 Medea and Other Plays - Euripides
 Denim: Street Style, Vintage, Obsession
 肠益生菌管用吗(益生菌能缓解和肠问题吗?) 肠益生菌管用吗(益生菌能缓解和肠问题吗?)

==

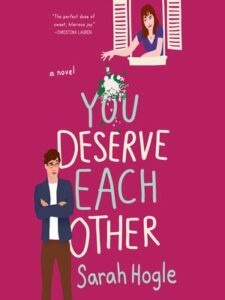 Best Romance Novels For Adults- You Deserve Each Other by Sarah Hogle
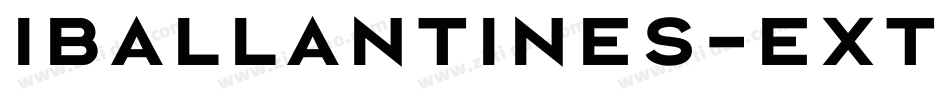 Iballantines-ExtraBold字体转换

* * *

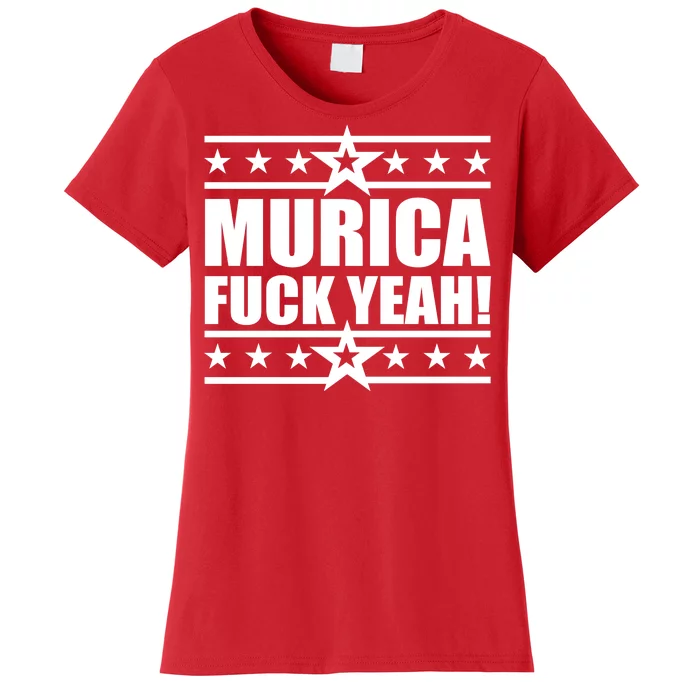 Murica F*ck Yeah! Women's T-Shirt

### Work to be completed:
The line holding "Best Romance Novels" starts the copy and the line holding "Iballantines-ExtraBold字体转换" ends it. Repeat those two lines above and all between them exactly, leaving out pictures.

### Result below:
 Best Romance Novels For Adults- You Deserve Each Other by Sarah Hogle
 Iballantines-ExtraBold字体转换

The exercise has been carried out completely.